LOL I catch myself needing an Oops Detector all the time, Thomas - no worries 

Thanks, Daniel. Now I just gotta keep you on deadline for book 3


----------



## Anne Victory (Jul 29, 2010)

modwitch said:


> "If you miss your window, I won't be able to fit you in for at least 1.5 years" isn't threat enough?


LMAO - I'm not _that_ backed up.


----------



## yomamma (Feb 10, 2011)

I just want to say that I just received back my edits from Anne and I couldn't be more pleased. She caught all kinds of stuff - from etymology to that one page where I used the word "surface" 9 times in two paragraphs. She's worth every dollar I spent.


----------



## yomamma (Feb 10, 2011)

modwitch said:


> . Short of "surface" sex, I can't even imagine.
> 
> . It's amazing how we can overlook stuff like that, isn't it?

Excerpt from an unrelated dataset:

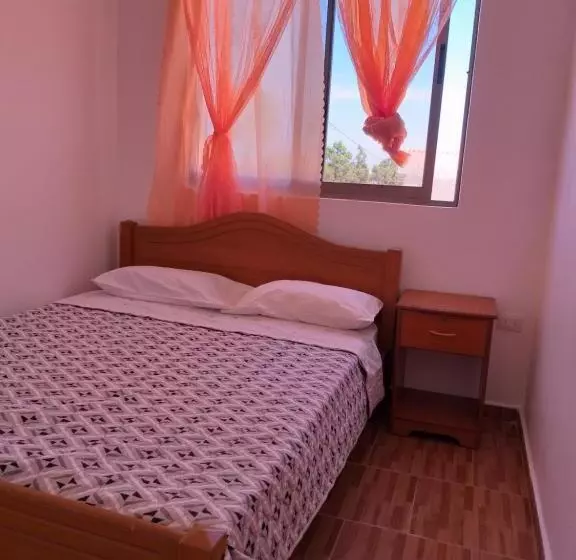 پانسیون Hostal Las Cruces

I knew I was a repeat offender of repeats (see what I just did there?) but yes. I gave this two clean-up passes before sending it on (and that was after going many rounds a few years ago!) and was hoping it'd be squeaky clean. Not so much, not so much.


----------



## Amy Eye (Sep 9, 2011)

Anne!!!  I made it on here and figured out how to get my profile together and everything!  I am pretty proud of myself right now!  

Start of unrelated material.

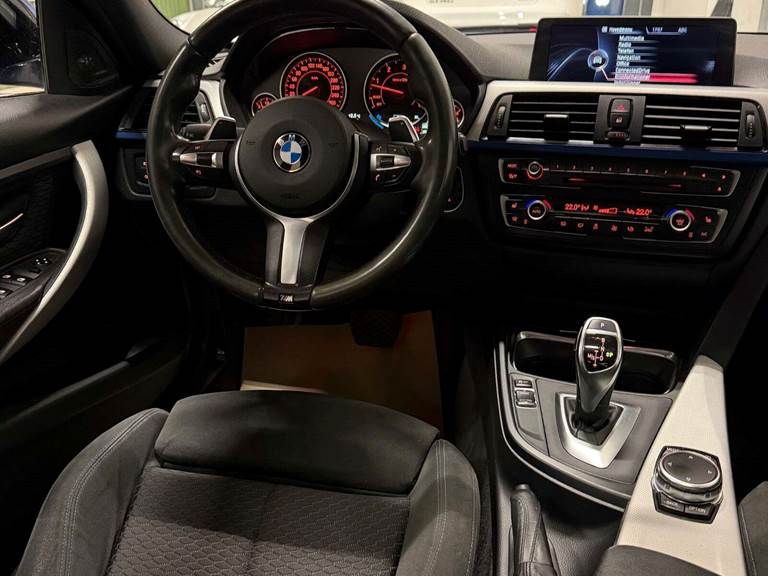 BMW 330d 3,0 aut.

You are so amazing, thanks for all of your help and support!  {{{hugs}}}


----------



## Iowagirl (Jul 17, 2011)

I can vouch for Anne. She did an amazing job for me. I am fond of forgetting the hyphen in hyphenated words and she caught every one of them.

I will work with her again for sure. 

Tracey


----------



## kcmay (Jul 14, 2010)

Heh. I'd used Anne last year for Venom, and again this summer for Wayfarer. I'd done eight editing passes on my own, including a pass with Serenity Editor, and she still found 15 oopses in my manuscript.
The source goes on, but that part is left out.